Hey, it’s Andrew, and this is Safety on Tap.
 
Since you’re listening in, you must be a leader wanting to grow yourself and drastically improve health and safety along the way.  Welcome to you, you’re in the right place.  If this is your first time listening in, thanks for joining us and well done for trying something different to improve! And of course, welcome back to all of you wonderful regular listeners.
Previous guest and friend of the show Dr. Drew Rae joins us in this episode as we poke at the idea of evidence-based practice.  Or more appropriately, the lack of it in health and safety.  Drew is a world-renowned academic, research leader and in-demand speaker from the Safety Science Innovation Lab at Griffith University in Brisbane, Australia.  And he doesn’t just mind pointing at elephants in the room, he helps us make sense of our safety practice in the process.
This is episode 95 of the Safety on Tap Podcast.  I can’t begin to tell you how much fun this learning journey has been with you, it has been honestly surprising how enlightening, challenging and uplifting this podcast production has become for me.  But the best bit is our connectedness – how a community of like-minded people from all over the world have come together as they listen and engage and challenge and share.  A while back I changed my title from CEO to the Chief Connector – because that best describes the value I create, by connecting people with new ideas, by connecting people with each other, and connecting people with their fuller potential, a better version of themselves.  That’s me, helping people like you.  None of this progress, nothing about Safety on Tap, exists without you. So firstly, thank you.  Nextly, I want your ideas about what I should do to celebrate the upcoming 100th episode.  I suggest you go back and listen to episode 50, another celebration, which was a unique episode celebrating you and your learning. Send me an email, andrew@safetyontap.com, and let me know what I should do for our 100th episode.

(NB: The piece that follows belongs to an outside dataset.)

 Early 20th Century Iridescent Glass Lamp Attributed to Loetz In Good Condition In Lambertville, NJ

Now, on to another discomfort creating conversation, here’s Drew:

Don’t forget to email me with your suggestions on how we should celebrate our centenary episode.  And, if you are interested in accelerating your growth as a professional, check out Safety on Tap Connected.  Membership is less than most multi-day conferences and gives you an entire year of learning community access, learning resources you won’t find elsewhere, and most valuably on-demand 1:1 coaching with me as your professional coach.  If you want to make your professional development deliver better results for you, check out safetyontap.com/connected
Here’s my three takeaways from that chat with Dr. Drew Rae:
Takeaway #1: How much of your safety practice is about stories of good ideas or initiatives, versus evidence of good ideas or initiatives? I know that I struggle to articulate my own evidence-based narrative because it is so thin.  Now that doesn’t mean that stories aren’t important – you still need them to enlist people in positive change, just be wary of when that is because the evidence supports it, or for some other reason, like it’s a good idea, or I heard it on a podcast, or that company over there are doing it.

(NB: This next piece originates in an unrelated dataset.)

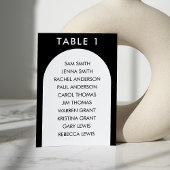 Numéro De Table Arche Mariage à arc incurvé noir et blanc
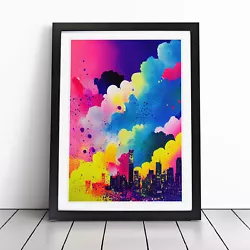 Buy Paint Splashed City Skyline No.4 Abstract Wall Art Print Framed Picture Poster • 22.95£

Takeaway #2: Slow down.  Drew mentioned that in our intense need to take action, the gathering, or worse creation, of evidence is just too slow.  Maybe slowing down a little is ok.  Taking action that feels like progress, or diligence, or effective risk management, isn’t the same as stuff that actually is progress, diligent, or effective risk management.  Slowing the rush to action means you’re less likely to build up clutter, and you can create evidence in the space you create.  Simple experimental design, two group comparison, focused on evaluating the mechanism which you think creates safety.    I’ve included links in the show notes to my favourite resource for action research, which includes a free online course on action research design and execution – which is perfect when you are a researcher inside the organisation you are researching.

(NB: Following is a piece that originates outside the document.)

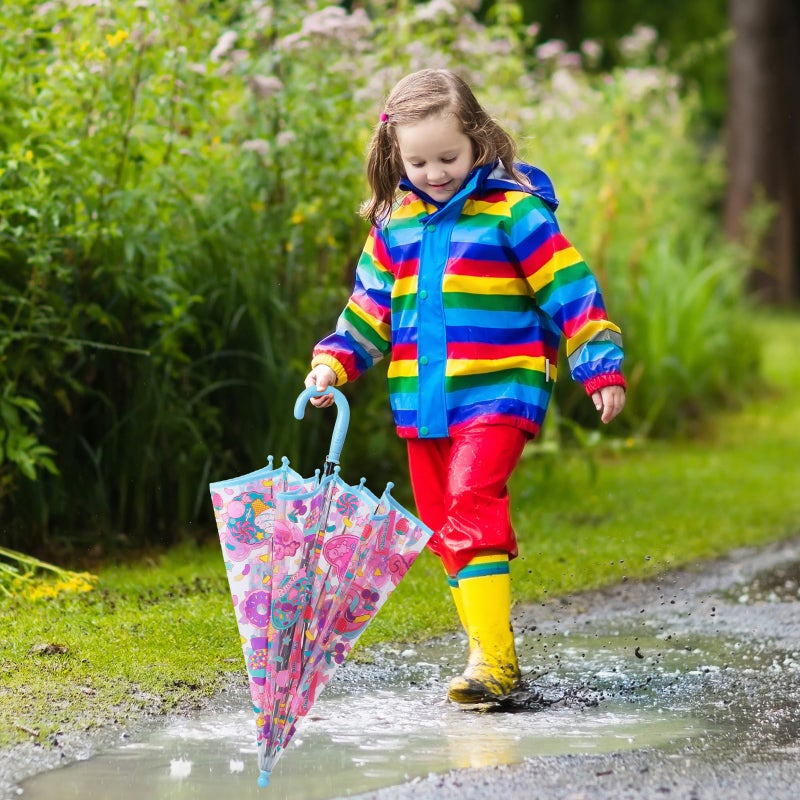 Decalsweet Kids Umbrella Clear Bubble Umbrellas for Rain,Transparent Dome Safety Windproof Umbrella with Easy-Grip Hook Handle for Toddler Girls and Boys - Image 4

Takeaway #3: Not everything is going to have a solid, evidence-based rationale which explains its connection with safety outcomes.  As Drew said, plenty of the things we do service other legitimate purposes other than directly affecting the safety of work.  We need to demonstrate our commitment, we need to show external stakeholders we take safety seriously, and we will inevitably do compliance type things like rules, systems, measurement, and reporting.  Drew’s encouragement was clear: we need to be honest with ourselves about what it’s all for.  If you want to check out a nice model for making sense of that, check out episode 92, along with the reflection worksheet download I created for you at safetyontap.com/ep092
Thanks so much for listening.  Until next time, what’s the one thing you’ll do to take positive, effective or rewarding action, to grow yourself, and drastically improve health and safety along the way?  Seeya!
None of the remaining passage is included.